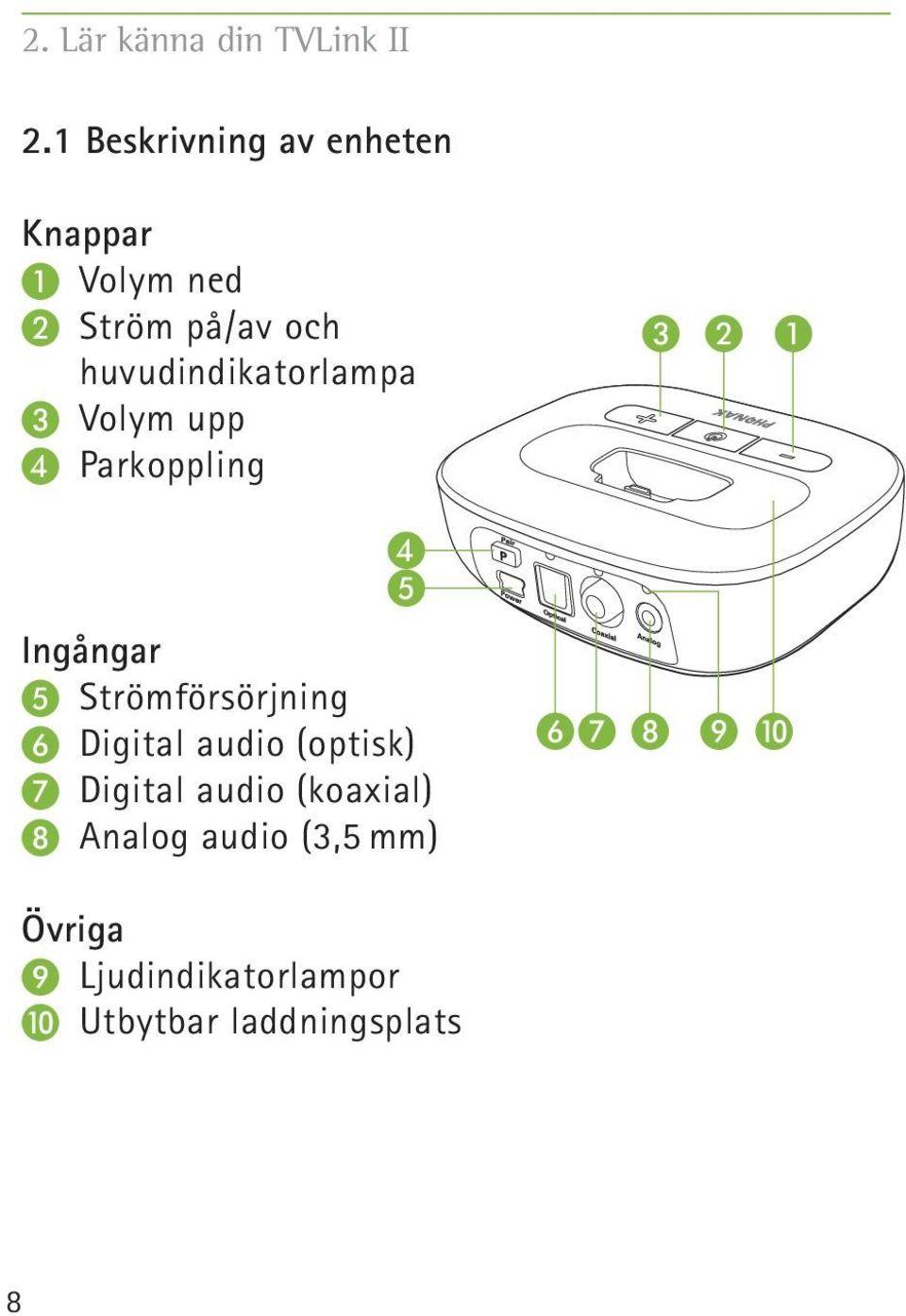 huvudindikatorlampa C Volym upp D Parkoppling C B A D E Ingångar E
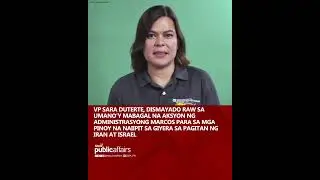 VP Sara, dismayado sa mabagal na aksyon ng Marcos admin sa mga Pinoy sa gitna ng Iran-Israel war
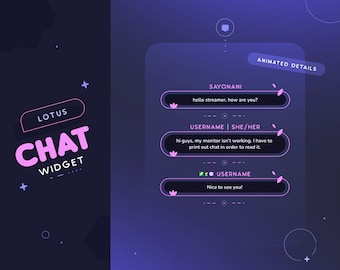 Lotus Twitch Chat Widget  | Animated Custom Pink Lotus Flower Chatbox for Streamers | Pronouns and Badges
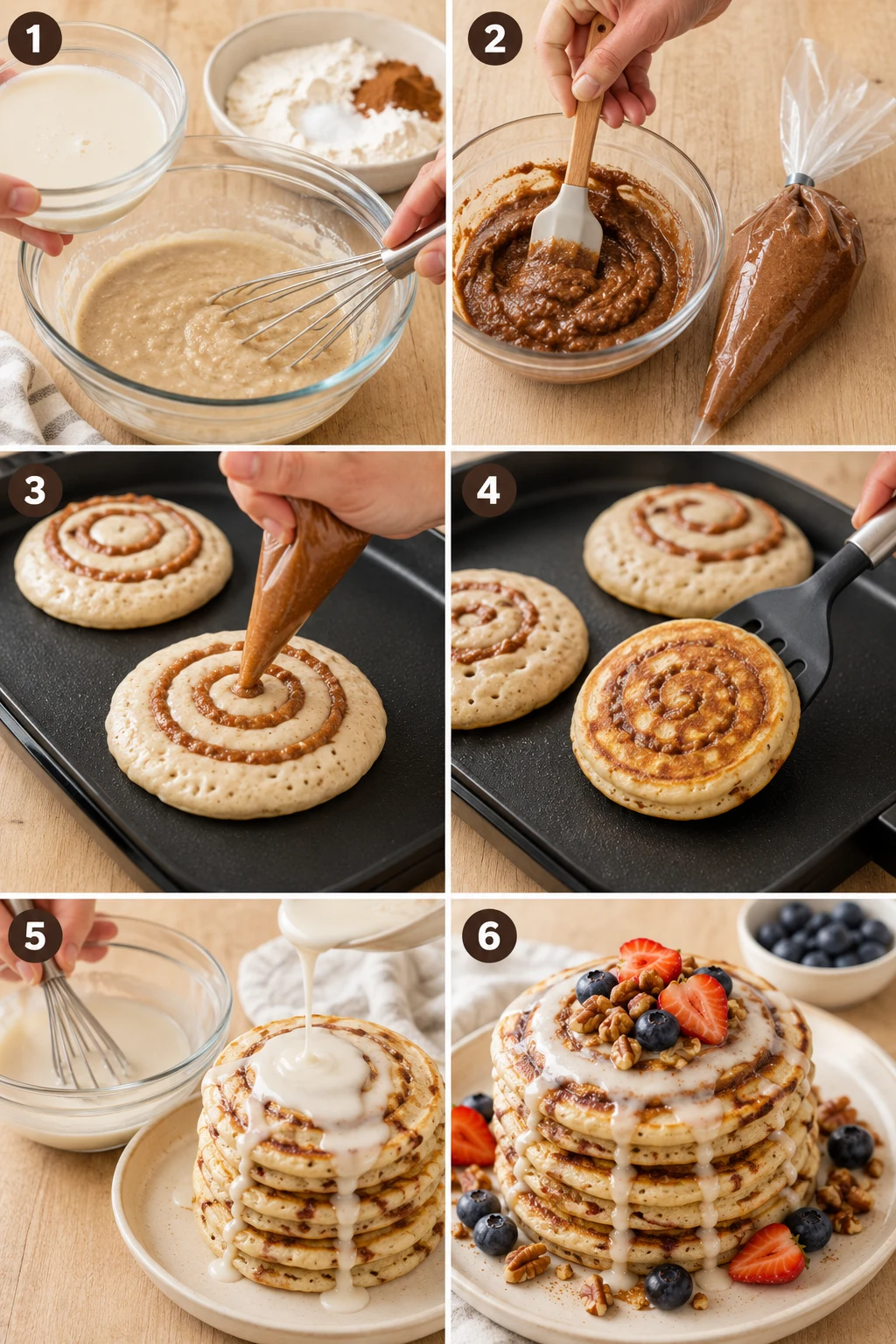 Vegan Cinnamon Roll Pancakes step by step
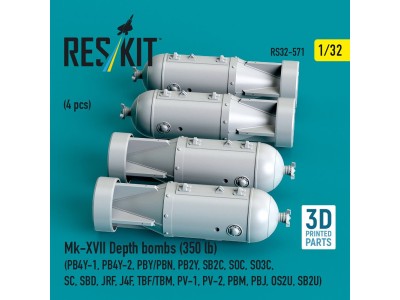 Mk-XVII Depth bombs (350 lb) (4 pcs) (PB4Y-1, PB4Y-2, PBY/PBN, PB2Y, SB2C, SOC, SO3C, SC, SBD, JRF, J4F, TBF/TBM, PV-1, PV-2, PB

*-*-*

Your instructions: Omitting all pictures, restate exactly the lines of the material from its start through the line that contains "VP Sara, dismayado".

Answer space:
 huvudindikatorlampa C Volym upp D Parkoppling C B A D E Ingångar E
 VP Sara, dismayado sa mabagal na aksyon ng Marcos admin sa mga Pinoy sa gitna ng Iran-Israel war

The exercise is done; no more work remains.